Seriously, I do like keeping in touch with people I know or used to know but have moved away.


----------



## DrKilroy (Sep 29, 2012)

I do not have friends, so I need no Facebook. 

Best regards, Dr


----------



## Cheyenne (Aug 6, 2012)

I have an account, but have done little with it myself: there's no photo, and I never update it. Occasionally I enjoy seeing what others have done, and party invites, school discussions, urgent questions and so forth are all handled using Facebook, so I check the website a few times a day to see if there's any new information. I've never really liked 'chatting' over the Internet as it is commonly practiced; I just want to talk in real-life, so I rarely do anything with the chat-feature besides making appointments. A pragmatic approach, to be sure, but it has worked well so far. I know I'm not the only one. 

'Facebooking' as a verb, which I've encountered often, is a little vague to me - what exactly are people doing there all the time?
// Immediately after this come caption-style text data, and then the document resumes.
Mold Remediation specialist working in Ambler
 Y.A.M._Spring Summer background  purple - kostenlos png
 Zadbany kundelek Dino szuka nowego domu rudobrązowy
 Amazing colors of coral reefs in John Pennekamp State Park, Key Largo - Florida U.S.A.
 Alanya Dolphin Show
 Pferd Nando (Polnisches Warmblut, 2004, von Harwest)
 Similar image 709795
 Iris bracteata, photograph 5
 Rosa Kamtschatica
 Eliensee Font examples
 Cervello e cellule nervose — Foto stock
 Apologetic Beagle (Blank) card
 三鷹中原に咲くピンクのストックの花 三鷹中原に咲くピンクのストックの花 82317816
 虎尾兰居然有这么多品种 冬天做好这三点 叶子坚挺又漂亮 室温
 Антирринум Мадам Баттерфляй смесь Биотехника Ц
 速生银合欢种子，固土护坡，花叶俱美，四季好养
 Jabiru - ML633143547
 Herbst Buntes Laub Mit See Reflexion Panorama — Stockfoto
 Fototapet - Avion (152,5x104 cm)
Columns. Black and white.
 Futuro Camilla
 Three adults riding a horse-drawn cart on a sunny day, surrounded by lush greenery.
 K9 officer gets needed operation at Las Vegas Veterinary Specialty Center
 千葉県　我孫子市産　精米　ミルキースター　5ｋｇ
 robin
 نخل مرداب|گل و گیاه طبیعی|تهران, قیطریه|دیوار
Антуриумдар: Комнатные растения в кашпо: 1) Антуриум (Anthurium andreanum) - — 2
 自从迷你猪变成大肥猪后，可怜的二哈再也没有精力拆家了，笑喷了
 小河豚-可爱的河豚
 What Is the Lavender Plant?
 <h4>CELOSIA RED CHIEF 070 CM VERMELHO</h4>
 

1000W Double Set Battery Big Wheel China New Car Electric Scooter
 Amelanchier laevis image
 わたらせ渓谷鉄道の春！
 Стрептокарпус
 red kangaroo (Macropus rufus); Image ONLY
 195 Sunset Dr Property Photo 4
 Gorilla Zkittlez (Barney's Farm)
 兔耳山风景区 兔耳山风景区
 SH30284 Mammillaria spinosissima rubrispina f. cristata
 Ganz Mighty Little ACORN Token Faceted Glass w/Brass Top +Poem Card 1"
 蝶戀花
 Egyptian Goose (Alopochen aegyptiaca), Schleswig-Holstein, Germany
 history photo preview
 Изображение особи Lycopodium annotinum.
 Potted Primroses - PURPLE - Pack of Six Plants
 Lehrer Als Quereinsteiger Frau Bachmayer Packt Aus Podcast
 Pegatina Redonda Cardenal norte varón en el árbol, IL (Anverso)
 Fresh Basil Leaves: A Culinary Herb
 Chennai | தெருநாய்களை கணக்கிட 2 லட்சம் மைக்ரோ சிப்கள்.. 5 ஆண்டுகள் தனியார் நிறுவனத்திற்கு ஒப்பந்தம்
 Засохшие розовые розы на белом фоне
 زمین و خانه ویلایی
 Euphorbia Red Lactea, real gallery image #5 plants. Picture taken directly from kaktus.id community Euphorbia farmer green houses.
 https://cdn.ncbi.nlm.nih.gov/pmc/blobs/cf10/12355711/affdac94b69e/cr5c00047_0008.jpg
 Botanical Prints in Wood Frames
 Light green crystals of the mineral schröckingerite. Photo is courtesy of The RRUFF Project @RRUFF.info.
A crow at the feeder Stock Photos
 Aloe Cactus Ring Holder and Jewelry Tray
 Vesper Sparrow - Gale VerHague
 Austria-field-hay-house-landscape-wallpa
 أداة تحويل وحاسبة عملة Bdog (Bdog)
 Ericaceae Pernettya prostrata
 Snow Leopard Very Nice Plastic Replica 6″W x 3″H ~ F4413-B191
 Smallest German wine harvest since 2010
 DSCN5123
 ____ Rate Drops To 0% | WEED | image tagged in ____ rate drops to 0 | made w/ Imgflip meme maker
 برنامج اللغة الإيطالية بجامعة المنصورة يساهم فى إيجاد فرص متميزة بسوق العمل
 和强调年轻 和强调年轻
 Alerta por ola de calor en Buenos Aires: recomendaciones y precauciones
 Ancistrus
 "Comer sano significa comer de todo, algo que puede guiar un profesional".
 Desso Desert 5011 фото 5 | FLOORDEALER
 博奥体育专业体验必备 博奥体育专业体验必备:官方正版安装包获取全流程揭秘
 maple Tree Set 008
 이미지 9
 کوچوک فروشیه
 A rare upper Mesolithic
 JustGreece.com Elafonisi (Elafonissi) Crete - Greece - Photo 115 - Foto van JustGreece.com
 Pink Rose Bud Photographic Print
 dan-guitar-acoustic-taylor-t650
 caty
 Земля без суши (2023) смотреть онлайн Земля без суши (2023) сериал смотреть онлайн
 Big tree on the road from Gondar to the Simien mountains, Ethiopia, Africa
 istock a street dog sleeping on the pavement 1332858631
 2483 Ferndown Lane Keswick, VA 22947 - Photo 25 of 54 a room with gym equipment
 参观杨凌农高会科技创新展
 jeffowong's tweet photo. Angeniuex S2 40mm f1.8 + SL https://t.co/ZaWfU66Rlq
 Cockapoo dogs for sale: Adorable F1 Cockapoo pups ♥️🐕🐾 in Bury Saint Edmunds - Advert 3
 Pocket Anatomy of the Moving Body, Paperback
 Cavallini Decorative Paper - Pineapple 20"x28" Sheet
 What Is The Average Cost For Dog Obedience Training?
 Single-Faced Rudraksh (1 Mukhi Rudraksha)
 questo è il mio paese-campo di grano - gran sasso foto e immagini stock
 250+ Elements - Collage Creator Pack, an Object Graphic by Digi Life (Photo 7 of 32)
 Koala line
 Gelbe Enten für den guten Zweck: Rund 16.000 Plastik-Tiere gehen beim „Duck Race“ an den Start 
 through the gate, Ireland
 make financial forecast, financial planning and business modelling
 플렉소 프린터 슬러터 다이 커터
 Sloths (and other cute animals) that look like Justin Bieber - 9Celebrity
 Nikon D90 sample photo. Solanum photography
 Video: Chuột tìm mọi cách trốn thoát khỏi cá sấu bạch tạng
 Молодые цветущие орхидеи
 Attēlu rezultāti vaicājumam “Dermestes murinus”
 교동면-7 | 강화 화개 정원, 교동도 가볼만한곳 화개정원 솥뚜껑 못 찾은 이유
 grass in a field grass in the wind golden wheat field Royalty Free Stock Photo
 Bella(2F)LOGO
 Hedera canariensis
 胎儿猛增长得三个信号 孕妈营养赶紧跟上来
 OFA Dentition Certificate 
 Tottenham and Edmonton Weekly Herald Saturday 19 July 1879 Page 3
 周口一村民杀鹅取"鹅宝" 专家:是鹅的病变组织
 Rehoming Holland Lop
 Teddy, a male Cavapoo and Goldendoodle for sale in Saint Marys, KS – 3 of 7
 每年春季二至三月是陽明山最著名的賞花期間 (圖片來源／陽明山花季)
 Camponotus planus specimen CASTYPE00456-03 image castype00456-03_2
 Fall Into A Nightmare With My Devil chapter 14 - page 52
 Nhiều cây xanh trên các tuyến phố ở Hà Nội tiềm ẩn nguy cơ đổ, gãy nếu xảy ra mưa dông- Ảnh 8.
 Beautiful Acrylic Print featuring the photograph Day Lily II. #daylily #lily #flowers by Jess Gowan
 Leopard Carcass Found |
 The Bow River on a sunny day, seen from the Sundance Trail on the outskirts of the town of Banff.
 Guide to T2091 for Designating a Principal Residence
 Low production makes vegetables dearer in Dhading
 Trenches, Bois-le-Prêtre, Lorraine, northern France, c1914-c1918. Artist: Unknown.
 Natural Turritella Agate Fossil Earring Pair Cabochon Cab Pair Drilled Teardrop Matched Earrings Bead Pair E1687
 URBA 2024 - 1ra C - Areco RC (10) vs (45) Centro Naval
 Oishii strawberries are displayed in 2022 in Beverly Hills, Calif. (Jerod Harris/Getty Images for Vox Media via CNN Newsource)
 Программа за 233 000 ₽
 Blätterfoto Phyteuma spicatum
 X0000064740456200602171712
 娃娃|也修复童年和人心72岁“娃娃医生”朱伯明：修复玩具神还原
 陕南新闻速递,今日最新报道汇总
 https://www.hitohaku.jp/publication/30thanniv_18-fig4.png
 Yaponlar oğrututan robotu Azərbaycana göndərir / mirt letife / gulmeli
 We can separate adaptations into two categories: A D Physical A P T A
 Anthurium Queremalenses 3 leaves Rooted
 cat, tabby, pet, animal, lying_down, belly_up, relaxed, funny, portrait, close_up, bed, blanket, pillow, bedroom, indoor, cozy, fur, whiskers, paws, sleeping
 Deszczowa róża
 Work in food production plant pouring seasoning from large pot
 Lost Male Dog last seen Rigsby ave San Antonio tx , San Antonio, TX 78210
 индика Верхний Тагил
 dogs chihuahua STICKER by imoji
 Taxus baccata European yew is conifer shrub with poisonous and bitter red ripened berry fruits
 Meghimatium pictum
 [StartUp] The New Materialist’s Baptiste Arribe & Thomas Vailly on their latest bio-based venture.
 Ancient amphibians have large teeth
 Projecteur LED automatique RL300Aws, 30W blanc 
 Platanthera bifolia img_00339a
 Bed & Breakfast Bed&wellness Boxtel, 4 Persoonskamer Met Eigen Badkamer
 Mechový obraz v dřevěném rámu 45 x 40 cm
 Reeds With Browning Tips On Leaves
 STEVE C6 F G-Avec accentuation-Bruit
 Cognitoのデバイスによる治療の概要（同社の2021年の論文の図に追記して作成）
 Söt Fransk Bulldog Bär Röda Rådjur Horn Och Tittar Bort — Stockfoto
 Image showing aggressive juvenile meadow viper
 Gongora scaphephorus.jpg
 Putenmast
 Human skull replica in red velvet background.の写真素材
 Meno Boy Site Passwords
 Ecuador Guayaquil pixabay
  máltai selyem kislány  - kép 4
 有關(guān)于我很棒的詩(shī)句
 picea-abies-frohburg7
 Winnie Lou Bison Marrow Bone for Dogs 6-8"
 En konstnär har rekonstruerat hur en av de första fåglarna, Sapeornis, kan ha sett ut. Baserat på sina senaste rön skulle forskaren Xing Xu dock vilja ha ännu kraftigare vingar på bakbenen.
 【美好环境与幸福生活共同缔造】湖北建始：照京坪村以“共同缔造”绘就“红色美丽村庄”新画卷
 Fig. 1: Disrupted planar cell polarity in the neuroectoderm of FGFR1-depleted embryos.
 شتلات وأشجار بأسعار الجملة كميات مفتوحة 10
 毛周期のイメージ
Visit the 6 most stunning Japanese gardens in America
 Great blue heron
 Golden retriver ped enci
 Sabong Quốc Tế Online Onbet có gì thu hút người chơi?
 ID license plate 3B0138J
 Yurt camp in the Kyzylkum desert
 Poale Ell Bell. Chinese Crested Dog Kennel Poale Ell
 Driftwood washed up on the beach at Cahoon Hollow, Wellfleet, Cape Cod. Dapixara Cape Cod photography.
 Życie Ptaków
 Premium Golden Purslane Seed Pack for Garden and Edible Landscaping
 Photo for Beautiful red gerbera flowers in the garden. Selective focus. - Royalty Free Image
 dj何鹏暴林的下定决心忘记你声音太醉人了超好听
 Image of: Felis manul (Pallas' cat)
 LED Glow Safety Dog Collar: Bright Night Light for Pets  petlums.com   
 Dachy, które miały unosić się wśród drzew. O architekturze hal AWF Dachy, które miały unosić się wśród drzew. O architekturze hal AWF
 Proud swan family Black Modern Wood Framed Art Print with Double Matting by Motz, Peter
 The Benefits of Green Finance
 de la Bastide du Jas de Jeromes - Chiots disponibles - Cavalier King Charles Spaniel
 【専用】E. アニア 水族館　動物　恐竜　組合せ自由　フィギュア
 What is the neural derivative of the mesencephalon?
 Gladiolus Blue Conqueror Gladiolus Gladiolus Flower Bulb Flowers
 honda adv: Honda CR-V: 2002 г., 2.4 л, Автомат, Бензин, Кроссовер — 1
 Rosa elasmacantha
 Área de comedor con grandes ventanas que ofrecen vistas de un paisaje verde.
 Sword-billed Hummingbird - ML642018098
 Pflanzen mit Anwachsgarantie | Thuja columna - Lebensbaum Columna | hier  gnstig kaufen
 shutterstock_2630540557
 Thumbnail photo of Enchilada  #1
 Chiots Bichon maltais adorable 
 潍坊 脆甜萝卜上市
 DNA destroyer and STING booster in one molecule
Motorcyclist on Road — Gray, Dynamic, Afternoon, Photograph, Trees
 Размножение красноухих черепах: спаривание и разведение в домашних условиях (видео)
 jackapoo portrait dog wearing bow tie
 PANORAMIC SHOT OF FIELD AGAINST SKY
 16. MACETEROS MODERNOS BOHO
Playing games and chatting?


----------



## EricABQ (Jul 10, 2012)

I opened an account and immediately became annoyed with the friend requests from people I hadn't seen or thought about in years.

I'm not sure this new idea of never losing touch with people is such a good thing. People in your life should be like seasons, they should come and go. There is no need to stay in touch with everyone you've ever had a beer with for the rest of your life.


----------



## brotagonist (Jul 11, 2013)

I have a fb account: I log in perhaps once every 9 months, just to confirm that there is nothing going on there. Sure, I have looked around, but I am not interested in looking at pictures of people's cute dogs, reading about what they had for supper and, mostly, getting bombarded with all kinds of (inappropriate) advertising. I prefer google plus, but, minus the advertising, and plus some more serious content, there isn't much going on there, either.

I use the latter for reading the news. Sometimes I post a comment, but I don't see the point of it. What purpose do the comments have, other than allowing us to vent? I am not interested in having time-wasting conversations about news events or anything, for that matter, posted to the web.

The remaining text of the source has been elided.